Externalizing the rules engine. The hardcoded priority rules need to move into YAML documents. "If weight exceeds 85%, go smelt" written in config, not code. For condition expression evaluation, a lightweight expression engine like CEL (Common Expression Language) is planned. This way, a new profession — woodcutter, fisherman, tailor — can be defined with a single YAML profile.

Linking personas to rules. Currently the 8 personas are defined in YAML, but this is still just personality configuration. In Phase 2, a persona should be the behavior rules themselves. Grimm the miner's persona file specifies an activity ratio of "mining 60%, crafting 20%, selling 10%, banking 10%" — the actual planner needs to read and follow that. Skill locks, gear preferences, movement radius should all come from the persona.

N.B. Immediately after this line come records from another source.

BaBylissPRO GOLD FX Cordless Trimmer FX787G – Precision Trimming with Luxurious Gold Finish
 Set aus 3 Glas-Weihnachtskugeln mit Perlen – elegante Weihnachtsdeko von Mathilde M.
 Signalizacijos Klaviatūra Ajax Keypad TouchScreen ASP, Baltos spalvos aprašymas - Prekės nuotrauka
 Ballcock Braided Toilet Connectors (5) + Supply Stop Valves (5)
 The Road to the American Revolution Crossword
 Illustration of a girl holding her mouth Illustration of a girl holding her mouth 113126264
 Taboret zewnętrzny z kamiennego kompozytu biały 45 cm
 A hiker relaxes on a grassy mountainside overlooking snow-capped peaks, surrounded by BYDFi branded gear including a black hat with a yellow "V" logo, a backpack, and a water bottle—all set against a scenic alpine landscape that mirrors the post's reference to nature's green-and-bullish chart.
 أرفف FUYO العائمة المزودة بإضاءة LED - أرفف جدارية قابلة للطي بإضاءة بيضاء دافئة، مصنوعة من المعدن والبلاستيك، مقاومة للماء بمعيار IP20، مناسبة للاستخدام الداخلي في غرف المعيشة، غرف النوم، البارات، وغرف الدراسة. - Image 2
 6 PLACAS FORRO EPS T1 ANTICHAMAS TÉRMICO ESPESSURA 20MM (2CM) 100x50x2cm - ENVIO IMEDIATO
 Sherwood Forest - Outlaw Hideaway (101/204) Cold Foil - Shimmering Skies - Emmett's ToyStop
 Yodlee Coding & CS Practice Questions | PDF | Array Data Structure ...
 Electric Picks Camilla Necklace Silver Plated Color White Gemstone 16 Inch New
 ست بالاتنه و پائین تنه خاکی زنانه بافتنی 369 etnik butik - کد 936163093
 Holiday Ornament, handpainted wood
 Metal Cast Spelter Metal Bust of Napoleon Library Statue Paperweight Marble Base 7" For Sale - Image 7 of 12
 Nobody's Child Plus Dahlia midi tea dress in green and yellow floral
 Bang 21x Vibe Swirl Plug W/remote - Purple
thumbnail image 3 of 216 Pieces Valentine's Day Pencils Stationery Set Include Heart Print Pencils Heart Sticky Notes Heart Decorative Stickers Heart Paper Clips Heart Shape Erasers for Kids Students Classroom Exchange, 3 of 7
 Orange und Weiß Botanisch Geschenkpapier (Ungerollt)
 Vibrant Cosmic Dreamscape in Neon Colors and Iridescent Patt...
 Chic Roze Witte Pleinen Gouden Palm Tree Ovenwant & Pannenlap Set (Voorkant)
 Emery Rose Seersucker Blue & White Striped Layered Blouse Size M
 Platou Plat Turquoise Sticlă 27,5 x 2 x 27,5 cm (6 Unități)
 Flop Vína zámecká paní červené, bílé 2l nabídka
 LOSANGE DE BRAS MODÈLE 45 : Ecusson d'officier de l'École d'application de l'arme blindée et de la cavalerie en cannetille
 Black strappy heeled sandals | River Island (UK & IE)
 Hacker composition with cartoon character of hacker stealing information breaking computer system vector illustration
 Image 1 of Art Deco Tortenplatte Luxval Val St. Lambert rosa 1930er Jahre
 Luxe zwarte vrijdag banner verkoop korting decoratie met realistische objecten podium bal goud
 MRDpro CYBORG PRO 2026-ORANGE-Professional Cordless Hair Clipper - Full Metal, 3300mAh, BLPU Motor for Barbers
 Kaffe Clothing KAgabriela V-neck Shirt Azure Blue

Automatically expanding location knowledge. Right now, "Minoc mine is here, Britain forge is there" is hardcoded. In Phase 2, agents should automatically record places they discover as they roam, and share that information with other agents. Information like "there's a good ore vein over that way" should propagate between agents.

Learning from failure patterns. Weeks of action logs from Phase 1 will exist — what situations caused procedure failures, which locations were efficient. A system that analyzes this data and automatically adjusts rules is needed. Not by directly editing code, but by tuning the parameters in rule documents.

When Phase 2 is complete, someone who isn't an engineer will be able to design new agent behaviors using only documents. Code becomes the engine; content becomes documents. Phase 3 — autonomous agents combining reinforcement learning and LLMs — only becomes possible on top of this foundation.

Technically complex, but what I want in the end is simple. AI living naturally inside a 28-year-old game world. Packets, timing, and state synchronization — those are just the plumbing for that goal.